Records for the exercise: Begin

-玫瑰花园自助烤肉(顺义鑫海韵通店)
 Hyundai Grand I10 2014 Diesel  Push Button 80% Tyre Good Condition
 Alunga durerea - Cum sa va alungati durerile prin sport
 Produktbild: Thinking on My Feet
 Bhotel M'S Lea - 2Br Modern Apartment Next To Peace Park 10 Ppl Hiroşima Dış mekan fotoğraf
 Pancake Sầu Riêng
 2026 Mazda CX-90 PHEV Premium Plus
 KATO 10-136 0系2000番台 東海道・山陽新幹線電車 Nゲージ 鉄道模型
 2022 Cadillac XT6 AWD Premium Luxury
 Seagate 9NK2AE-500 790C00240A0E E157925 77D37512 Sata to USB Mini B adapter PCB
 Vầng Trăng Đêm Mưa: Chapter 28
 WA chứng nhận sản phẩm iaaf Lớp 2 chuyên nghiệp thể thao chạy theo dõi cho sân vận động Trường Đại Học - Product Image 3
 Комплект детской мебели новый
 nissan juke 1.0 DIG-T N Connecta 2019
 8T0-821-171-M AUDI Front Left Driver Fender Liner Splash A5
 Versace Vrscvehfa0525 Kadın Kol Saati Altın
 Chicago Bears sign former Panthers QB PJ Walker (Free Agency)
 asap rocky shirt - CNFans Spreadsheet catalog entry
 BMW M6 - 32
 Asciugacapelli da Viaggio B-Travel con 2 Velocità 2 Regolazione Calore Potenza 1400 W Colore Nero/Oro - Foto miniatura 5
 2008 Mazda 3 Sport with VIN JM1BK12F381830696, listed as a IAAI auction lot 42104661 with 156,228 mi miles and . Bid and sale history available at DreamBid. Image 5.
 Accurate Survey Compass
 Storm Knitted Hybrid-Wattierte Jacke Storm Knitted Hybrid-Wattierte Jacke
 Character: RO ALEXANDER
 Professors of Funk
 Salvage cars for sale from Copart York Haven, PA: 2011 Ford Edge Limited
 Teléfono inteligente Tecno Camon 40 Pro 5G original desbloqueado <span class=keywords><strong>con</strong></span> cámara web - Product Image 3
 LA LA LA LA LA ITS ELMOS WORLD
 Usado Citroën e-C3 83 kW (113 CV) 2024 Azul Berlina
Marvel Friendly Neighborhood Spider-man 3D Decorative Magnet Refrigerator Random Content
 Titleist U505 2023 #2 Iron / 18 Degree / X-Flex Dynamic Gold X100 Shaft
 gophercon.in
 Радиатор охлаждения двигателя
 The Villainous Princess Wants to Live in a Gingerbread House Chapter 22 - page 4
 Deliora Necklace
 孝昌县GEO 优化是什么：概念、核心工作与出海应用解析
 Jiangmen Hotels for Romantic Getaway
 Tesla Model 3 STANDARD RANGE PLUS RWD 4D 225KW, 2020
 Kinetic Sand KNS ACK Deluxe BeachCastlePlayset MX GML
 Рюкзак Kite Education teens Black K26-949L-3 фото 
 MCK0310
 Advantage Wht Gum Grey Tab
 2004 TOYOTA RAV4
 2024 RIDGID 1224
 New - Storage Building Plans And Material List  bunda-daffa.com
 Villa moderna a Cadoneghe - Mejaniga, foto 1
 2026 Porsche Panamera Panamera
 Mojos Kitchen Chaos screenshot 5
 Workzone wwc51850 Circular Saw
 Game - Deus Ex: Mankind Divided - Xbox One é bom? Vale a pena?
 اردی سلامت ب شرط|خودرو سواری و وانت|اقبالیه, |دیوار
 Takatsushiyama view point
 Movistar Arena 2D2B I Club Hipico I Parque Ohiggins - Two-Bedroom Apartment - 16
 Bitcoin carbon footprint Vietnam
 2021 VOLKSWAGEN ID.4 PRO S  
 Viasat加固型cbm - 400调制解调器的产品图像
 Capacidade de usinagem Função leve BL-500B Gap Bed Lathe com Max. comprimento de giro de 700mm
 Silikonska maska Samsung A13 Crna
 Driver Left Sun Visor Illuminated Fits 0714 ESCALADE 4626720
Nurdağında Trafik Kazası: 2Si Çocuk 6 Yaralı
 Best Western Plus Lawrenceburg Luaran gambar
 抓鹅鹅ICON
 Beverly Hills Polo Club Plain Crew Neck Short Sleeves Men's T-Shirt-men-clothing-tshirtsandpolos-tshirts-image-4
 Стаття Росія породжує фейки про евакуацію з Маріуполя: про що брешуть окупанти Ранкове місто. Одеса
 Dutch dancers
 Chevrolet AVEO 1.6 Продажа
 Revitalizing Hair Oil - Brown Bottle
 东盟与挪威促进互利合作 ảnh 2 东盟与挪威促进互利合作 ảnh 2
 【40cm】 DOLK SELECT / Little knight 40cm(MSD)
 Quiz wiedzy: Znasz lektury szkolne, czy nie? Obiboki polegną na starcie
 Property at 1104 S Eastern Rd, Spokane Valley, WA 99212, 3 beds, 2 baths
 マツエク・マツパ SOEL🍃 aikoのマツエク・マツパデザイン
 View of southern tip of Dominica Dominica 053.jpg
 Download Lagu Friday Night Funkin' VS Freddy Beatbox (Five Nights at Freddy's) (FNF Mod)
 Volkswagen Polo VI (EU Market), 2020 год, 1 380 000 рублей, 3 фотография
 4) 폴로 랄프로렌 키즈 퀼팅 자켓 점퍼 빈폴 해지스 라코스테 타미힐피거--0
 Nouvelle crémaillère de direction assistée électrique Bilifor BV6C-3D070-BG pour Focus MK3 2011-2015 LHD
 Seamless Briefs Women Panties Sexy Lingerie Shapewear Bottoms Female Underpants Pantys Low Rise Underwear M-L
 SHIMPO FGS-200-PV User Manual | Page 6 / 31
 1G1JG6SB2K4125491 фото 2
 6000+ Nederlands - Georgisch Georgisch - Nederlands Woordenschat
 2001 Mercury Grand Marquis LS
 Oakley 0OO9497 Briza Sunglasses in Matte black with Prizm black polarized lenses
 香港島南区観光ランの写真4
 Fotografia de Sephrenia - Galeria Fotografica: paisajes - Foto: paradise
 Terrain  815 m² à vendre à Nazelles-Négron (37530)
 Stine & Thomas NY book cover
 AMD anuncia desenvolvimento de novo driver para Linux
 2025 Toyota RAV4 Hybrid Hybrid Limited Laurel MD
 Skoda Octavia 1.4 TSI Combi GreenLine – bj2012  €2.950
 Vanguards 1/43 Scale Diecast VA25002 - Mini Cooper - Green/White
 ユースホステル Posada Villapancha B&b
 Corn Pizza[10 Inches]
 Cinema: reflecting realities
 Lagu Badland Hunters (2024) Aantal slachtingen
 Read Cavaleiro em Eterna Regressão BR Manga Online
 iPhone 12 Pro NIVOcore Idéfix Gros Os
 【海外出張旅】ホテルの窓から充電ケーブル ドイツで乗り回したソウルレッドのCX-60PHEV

Records for the exercise: End

[Problem to solve]: Everything above from the line containing "4) 폴로 랄프로렌 키즈 퀼팅 자켓 점퍼 빈폴 해지스 라코스테 타미힐피거--0" down to the line containing "Nouvelle crémaillère de" is to be transcribed exactly, with both of those lines included and nothing else added.

[Solved exercise]:
 4) 폴로 랄프로렌 키즈 퀼팅 자켓 점퍼 빈폴 해지스 라코스테 타미힐피거--0
 Nouvelle crémaillère de direction assistée électrique Bilifor BV6C-3D070-BG pour Focus MK3 2011-2015 LHD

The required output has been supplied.